Politico – D.C. Business Advocates Team Up

  • The tax bill might have become a law, but interest groups still have plenty of reason to seek influence. Case in point: A host of D.C. business advocates - from the S Corporation Association to the National Association of Wholesaler-Distributors to the Independent Community Bankers of America - are teaming up for a new coalition that seeks to protect the interests of pass-through businesses as the tax law gets implemented.
  • Pass-throughs scored that 20 percent deduction in the new tax law, but that provision is expected to pose particularly knotty questions as the executive branch crafts rules for the new law. "It is vitally important that the newly revised tax code support Main Street employers, and not work against them," said Chris Smith, the coalition's executive director and a former senior staffer at both House Ways and Means and the Treasury Department.
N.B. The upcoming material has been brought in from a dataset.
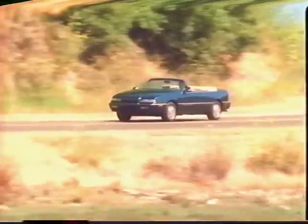Well, what are you waiting for? Why not get out there into the open air and treat yourself to an exciting driving experience? Oh, and don't forget to bring your shades.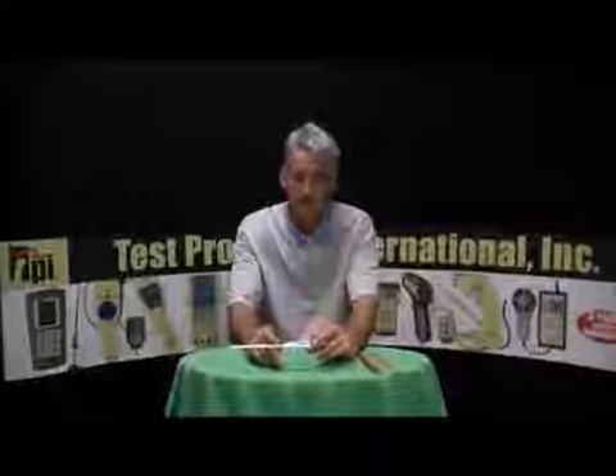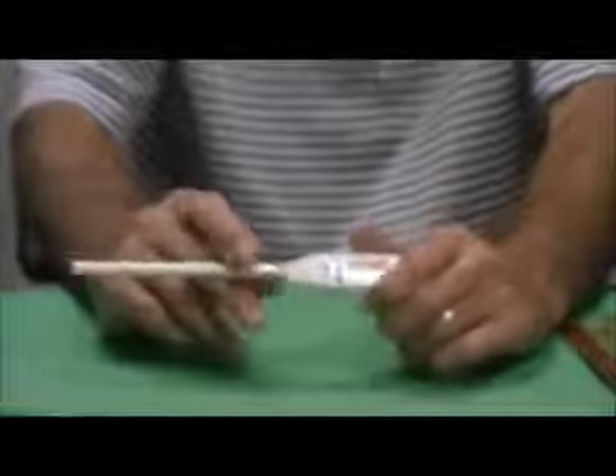This particular unit has a range of negative 58 to 300 degrees Fahrenheit, it reads both Celsius and Fahrenheit. It's got a data hold button and an auto power off feature. This particular unit is waterproof and has a suggested list price of $19.95.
One area to watch out for with the group, called Parity for Main Street Employers: Efforts at the state level to tax pass-throughs at the entity level, and give a corresponding tax credit to the company's owners to avoid double taxation. Connecticut has released a similar proposal in its efforts to skirt the GOP tax law's new cap on state and local deductions, as Tax Notes reported this month . Smith and Brian Reardon of the S Corporation Association told Morning Tax on Tuesday that the coalition would work on the idea getting a beachhead in key states this year, and to distinguish the proposal from other workarounds they believe are less feasible, like the efforts in California and New Jersey to essentially allow taxpayers to get a charitable deduction for state and local taxes paid.
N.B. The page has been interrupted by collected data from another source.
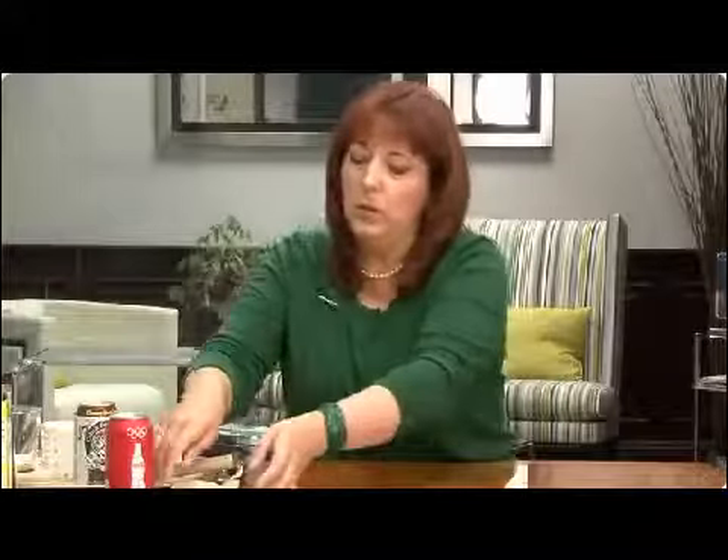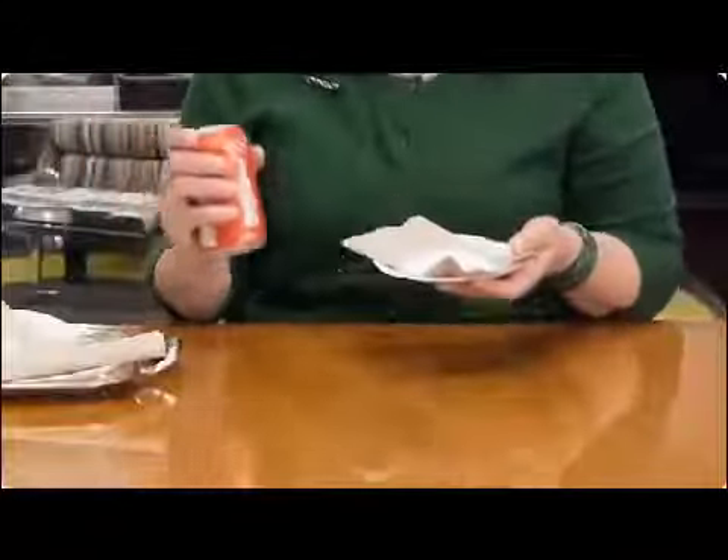One of the most frequently asked questions we get at Visalis is about what sweeteners we use in our products. A lot of companies will use sugar. I'm just going to show you — this is the amount of sugar that is typically found in most sodas.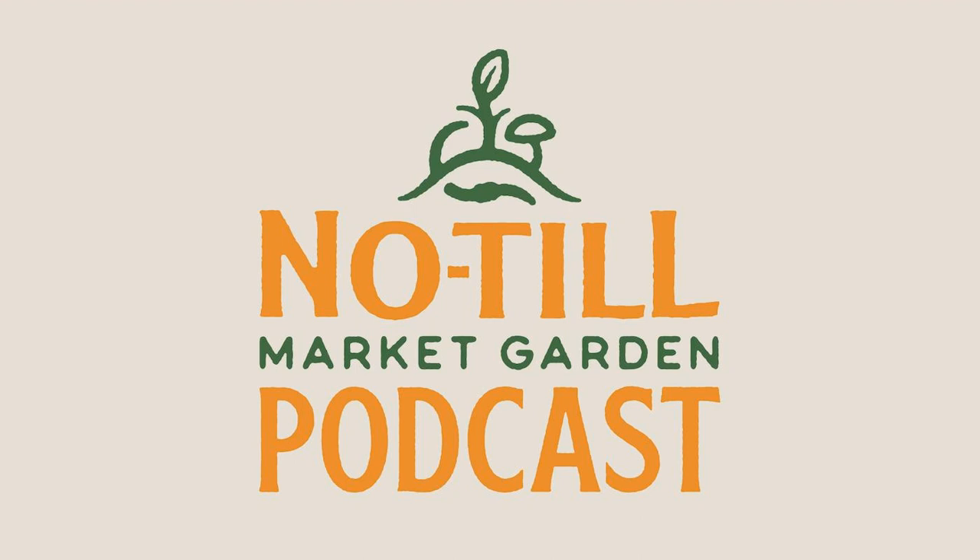My name is Matt Ledergaard and I'm the owner and operator of Groundstone Farm in Nambe, New Mexico, which is just 20 miles north of Santa Fe.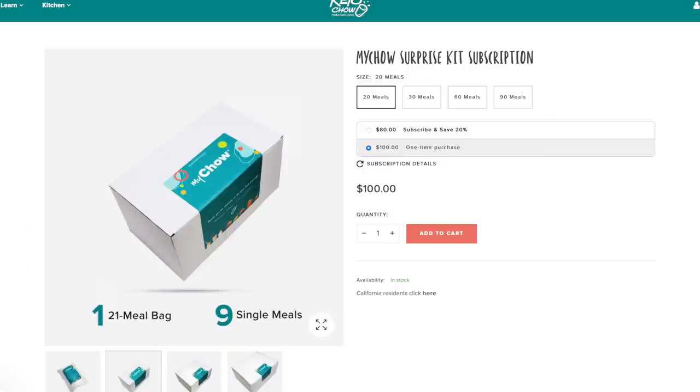If you choose the surprise box, you actually get a little bit bigger savings — instead of 15% off, you're going to get 20% savings. Also with the surprise box, you get monthly recipe cards, which you don't get with the regular pick-your-own unless you add them on at an extra cost. They're available in a few different sizes: a 20-meal package of single servings, a 30-meal which is similar to the old Chow Club with one big bag plus 21 meals and nine individual meals, a 60-day with two large bags and 18 individual bags, and a 90-day package with three large bags and 27 individual.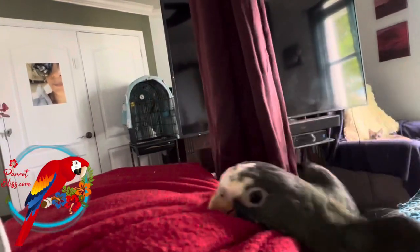He seems okay, he seems to be recovering. I could see that he hasn't been eating, so I'm gonna have to get him some millet.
Bloomberg Government – Labor Dept. Tip-Pooling Response Doesn't Satisfy Top Democrat

  • DOL replies to oversight request without addressing scrubbed data
  • Rep. Bobby Scott (D-Va.) ‘disappointed’
  • Department stands by tip pool rulemaking's legality

The Labor Department responded to a House Democrat's oversight request on the tip pooling proposal by firmly defending the rulemaking in the face of criticism, according to a letter provided to Bloomberg Law. The letter was deemed inadequate by its recipient, Rep. Bobby Scott (D-Va.). “The Department failed to even address reports that this information was withheld, an action, that if true, compromises the integrity of the rulemaking process,” Scott said in a statement provided to Bloomberg Law. Scott's office wrote to the agency twice to seek information explaining a Feb. 1 Bloomberg Law report that the DOL's Wage and Hour Division completed, and then shelved, an analysis showing billions of dollars in worker tips could be transferred to bosses each year as a result of the recent proposed rule.
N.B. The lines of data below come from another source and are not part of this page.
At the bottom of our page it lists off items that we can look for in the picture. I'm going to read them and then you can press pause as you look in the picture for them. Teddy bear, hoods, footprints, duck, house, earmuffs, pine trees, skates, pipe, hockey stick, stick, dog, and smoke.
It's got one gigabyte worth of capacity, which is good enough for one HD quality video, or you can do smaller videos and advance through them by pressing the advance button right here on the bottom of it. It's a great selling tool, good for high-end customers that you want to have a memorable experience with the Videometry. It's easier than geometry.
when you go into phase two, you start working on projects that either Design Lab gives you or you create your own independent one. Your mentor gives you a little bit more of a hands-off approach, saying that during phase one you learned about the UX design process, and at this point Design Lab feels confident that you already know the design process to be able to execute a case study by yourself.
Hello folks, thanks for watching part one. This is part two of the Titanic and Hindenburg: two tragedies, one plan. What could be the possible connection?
The December proposal would make it easier for employers to require servers and other workers who earn tips to share them with kitchen staff who don't. The regulation would reverse an Obama-era rule asserting that tips are the property of employees and can't be distributed to back-of-the house employees, including when tipped workers are paid the full federal minimum wage of $7.25 per hour. Scott and other Democrats are critical of the new rule because it doesn't expressly forbid businesses from participating in the pool themselves, provided they pay workers at least $7.25.

The agency responded to Scott Feb. 20 in a letter that reiterates and elaborates upon many of the DOL's previous statements in support of the rule. “Employees with wages starting below the federal minimum wage without tips would not be impacted,” Katherine McGuire, the DOL's assistant secretary for congressional and intergovernmental affairs, said in the oversight response. “The proposed rule reflects federal courts’ and the Department's serious concern that the Department exceeded its authority when promulgating the 2011 final rule.” Plus, “the prior administration's 2011 final rule did not include any quantitative economic analysis of the rule's impact,” McGuire added. The Obama rule wasn't tagged as “economically significant” and was intended to codify the agency's interpretation of the law.